> Data block
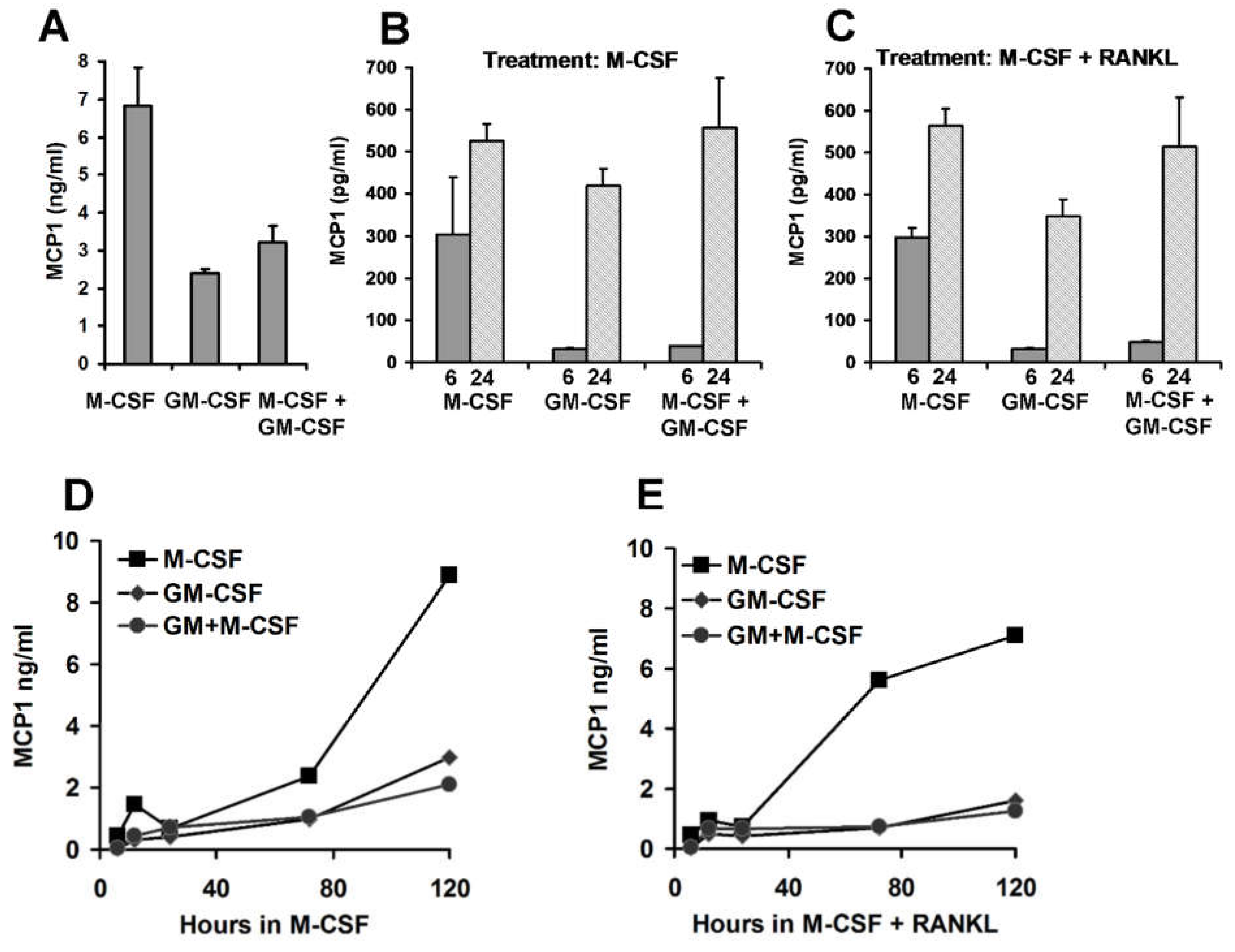 Life 12 00789 g005 550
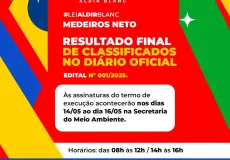 Prefeitura de Medeiros Neto publica resultados da Política Nacional de Apoio à Cultura 2025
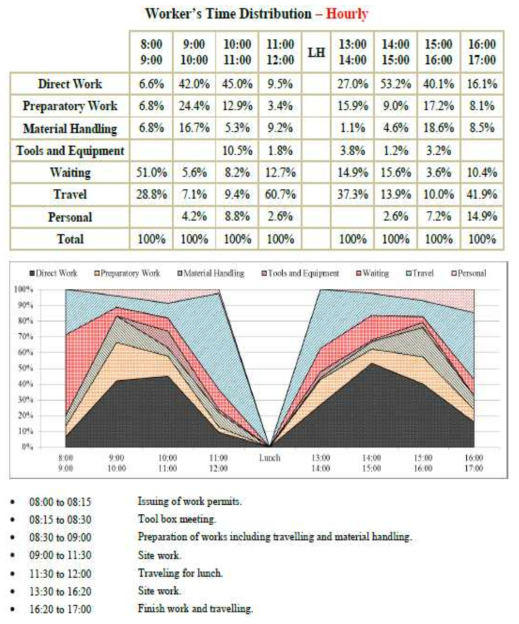 AA 분석 리포트 예시 (Worker’s Time Distribution by Hour)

> What is needed
Word-for-word output of the material above is needed, with the pictures left out.

> Answer box
 Life 12 00789 g005 550
 Prefeitura de Medeiros Neto publica resultados da Política Nacional de Apoio à Cultura 2025
 AA 분석 리포트 예시 (Worker’s Time Distribution by Hour)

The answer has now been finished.